> **Exercise goal**
When you copy the data, keep every line exactly as written and skip the pictures.

#### Data section

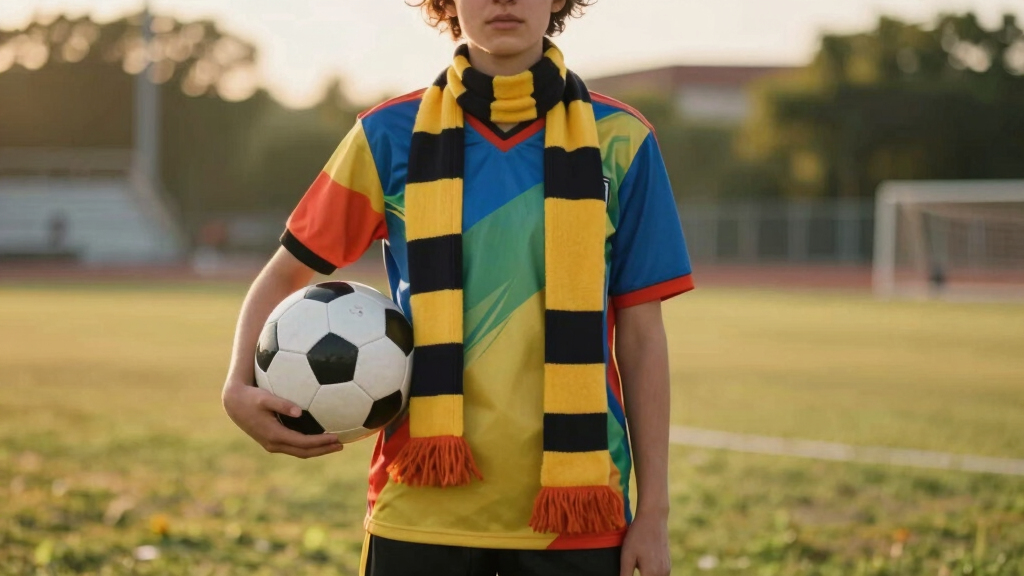 soccer fan apparel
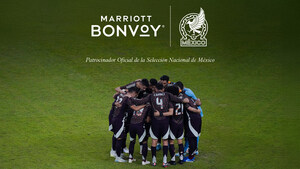 Marriott Bonvoy es el Programa de Viajes Oficial de la Selección Nacional de México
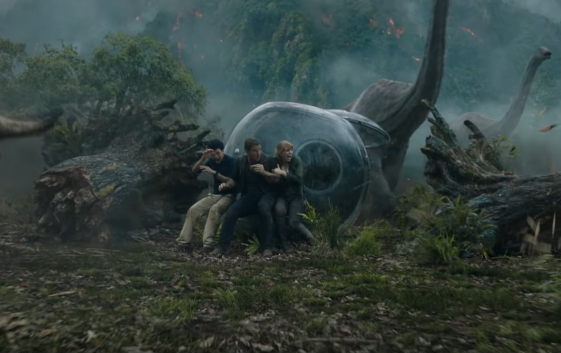 เผยโฉมไดโนเสาร์แล้ว! ทีเซอร์แรก Jurassic World: Fallen Kingdom ก่อนดูตัวอย่างเต็มพฤหัสนี้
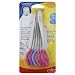 NUK/Gerber Graduates BPA Free 6 Pack Soft Bite Infant Spoon, Colors May Vary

########

> **The completed task**
 soccer fan apparel
 Marriott Bonvoy es el Programa de Viajes Oficial de la Selección Nacional de México
 เผยโฉมไดโนเสาร์แล้ว! ทีเซอร์แรก Jurassic World: Fallen Kingdom ก่อนดูตัวอย่างเต็มพฤหัสนี้
 NUK/Gerber Graduates BPA Free 6 Pack Soft Bite Infant Spoon, Colors May Vary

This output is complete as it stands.